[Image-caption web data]
= = = = = = =

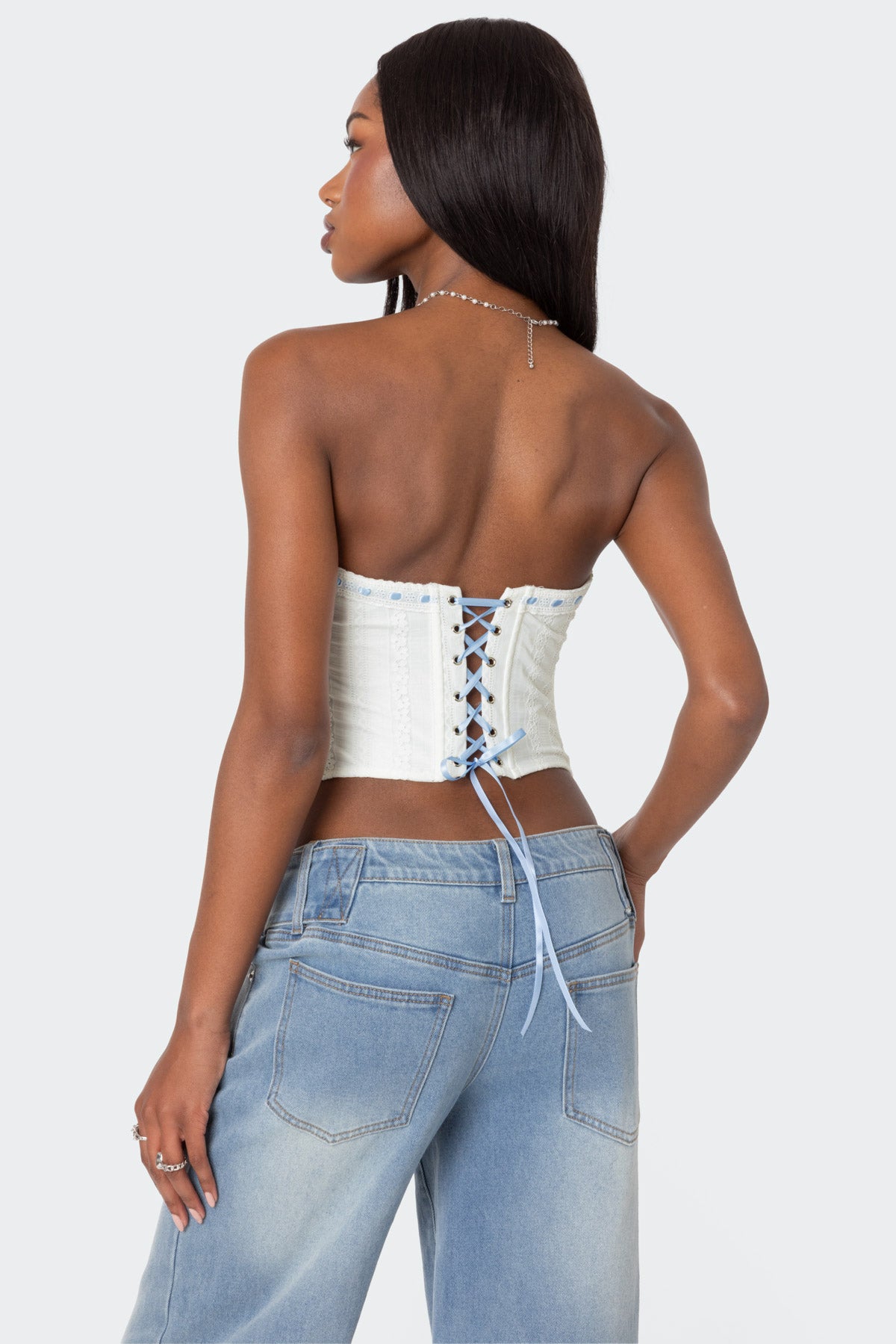 Mist Lacey Ribbon Corset - Image 5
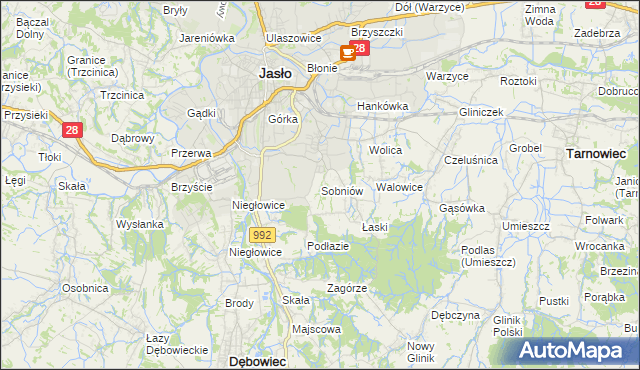 mapa Sobniów, Sobniów na mapie Targeo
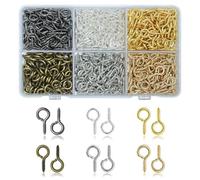 Lot de 520 mini œillets à vis de 6 mm pour la fabrication de bijoux, 6 couleurs, petits crochets à vis pour loisirs créatifs, projets artistiques et breloques de perles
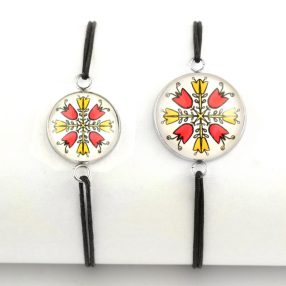   Nemesacél üveglencsés zsinóros karkötő - választható méretben - népies virágok (2909)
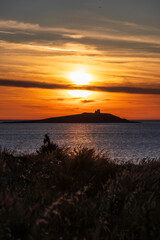 Sunset behind Isola delle Femmine, Terrasini, Sicily, Italy
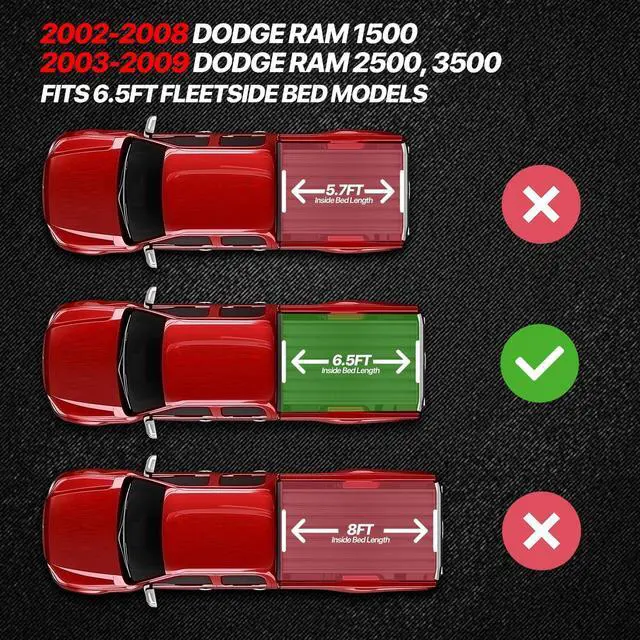 Alt view image 2 of 7 - Roll-Up Truck Bed Cover Soft Vinyl Tonneau Cover Compatible with 2002-2018 Ram 1500, 2003-2023 Ram 2500 3500 6.5 Ft. Fleetside Bed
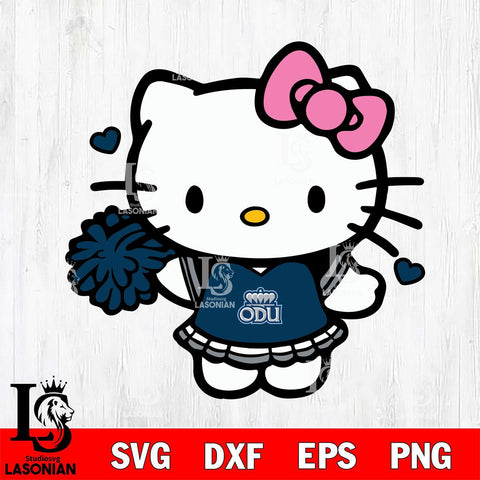 Old Dominion Monarchs Hello Kitty Cheerleader 6 Svg Eps Dxf Png File, Digital Download, Instant Download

= = = = = = =

[Work instructions]: Give again, unchanged, only the lines from the line containing "Nemesacél üveglencsés zsinóros" to the last line of the records above. Pictures do not belong in the copy.

[Result below]:
   Nemesacél üveglencsés zsinóros karkötő - választható méretben - népies virágok (2909)
 Sunset behind Isola delle Femmine, Terrasini, Sicily, Italy
 Alt view image 2 of 7 - Roll-Up Truck Bed Cover Soft Vinyl Tonneau Cover Compatible with 2002-2018 Ram 1500, 2003-2023 Ram 2500 3500 6.5 Ft. Fleetside Bed
 Old Dominion Monarchs Hello Kitty Cheerleader 6 Svg Eps Dxf Png File, Digital Download, Instant Download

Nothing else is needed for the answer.